The CreditLoan.com report also warned that many participants have suffered financial or economic abuse in their relationships. The most common example was one person buying the other something expensive and then holding it over their head (reported by 9.3% of men and 6.1% of women.) Women were most likely to complain about a partner making fun of their salary (7.3%), but both genders cited extreme cases such as a partner maxing out their credit cards or blocking them from accessing their bank accounts.
And Lapin added that when women get divorced, it’s common for them to have to rebuild credit because they either don’t have any credit (as they were on their partner’s account), or they have bad credit. “It’s important to determine whose name everything is under, and it’s important to manage your own accounts,” she said. In fact, CreditCards.com reports that women’s credit suffers more than men’s in a divorce, with 54% saying their credit score declined during their marriage and 50% saying their exes ruined their credit.

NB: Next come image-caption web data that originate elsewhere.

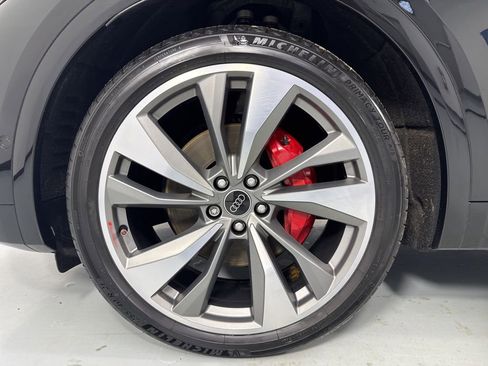 Used 2023 Audi SQ5 Prestige w/ Prestige Package image 10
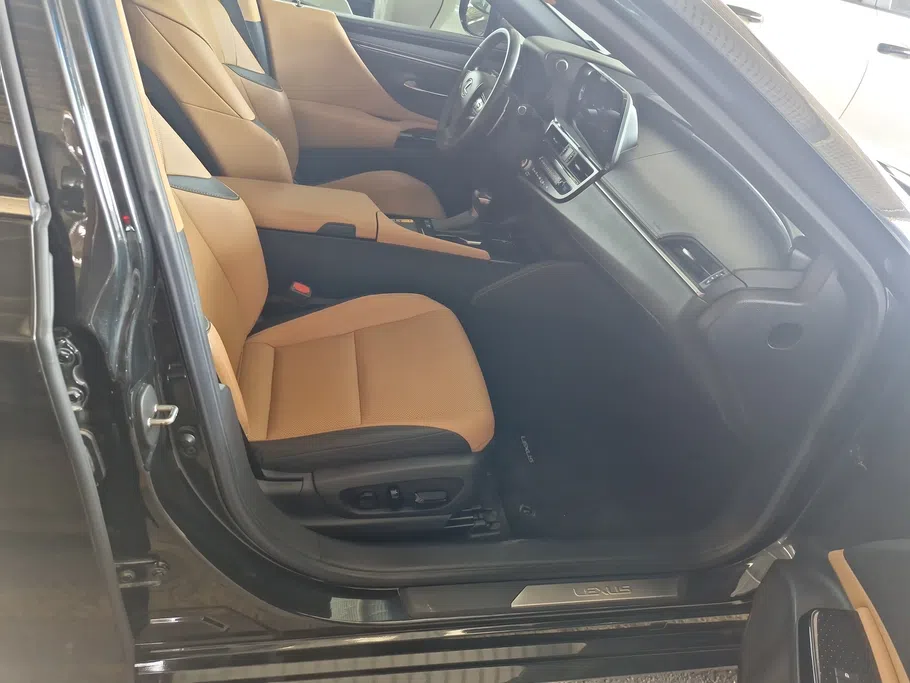 2024 Lexus ES 300 H 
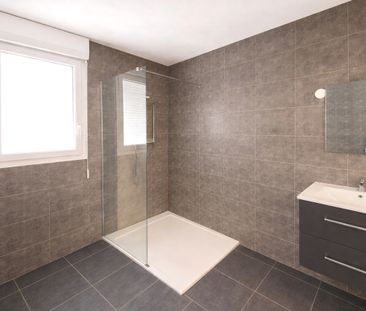 Location Appartement 3 pièces 66m² ROMANS SUR ISERE 26100 - Photo 4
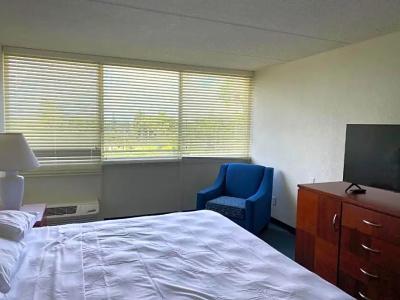 Miami Gardens Inn & Suites - 67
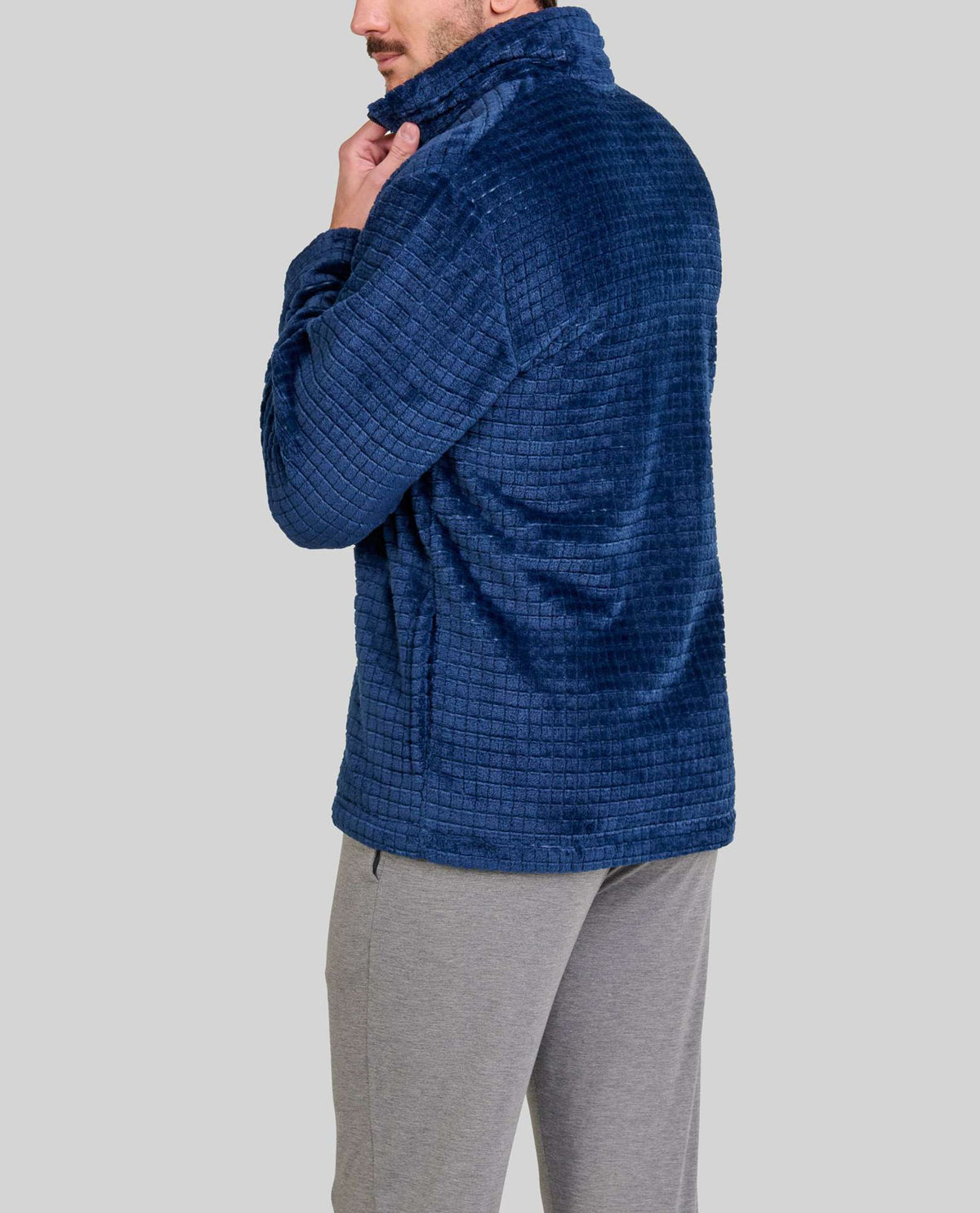 Hombre de espaldas con bata corta azul marino para invierno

Caitlin P., 37, who also declined to give her last name, racked up more than $70,000 in credit card debt after getting divorced. “Since I was forced to pay him alimony, I couldn’t afford to care for myself and my daughter, so I had to put everything on credit cards for almost two years,” she told Moneyish. It’s taken her six years to pay everything down and rebuilt her credit.
Plus, the CreditLoan.com report also found that people who share the responsibility of managing finances with their partner report being the most satisfied with their relationships.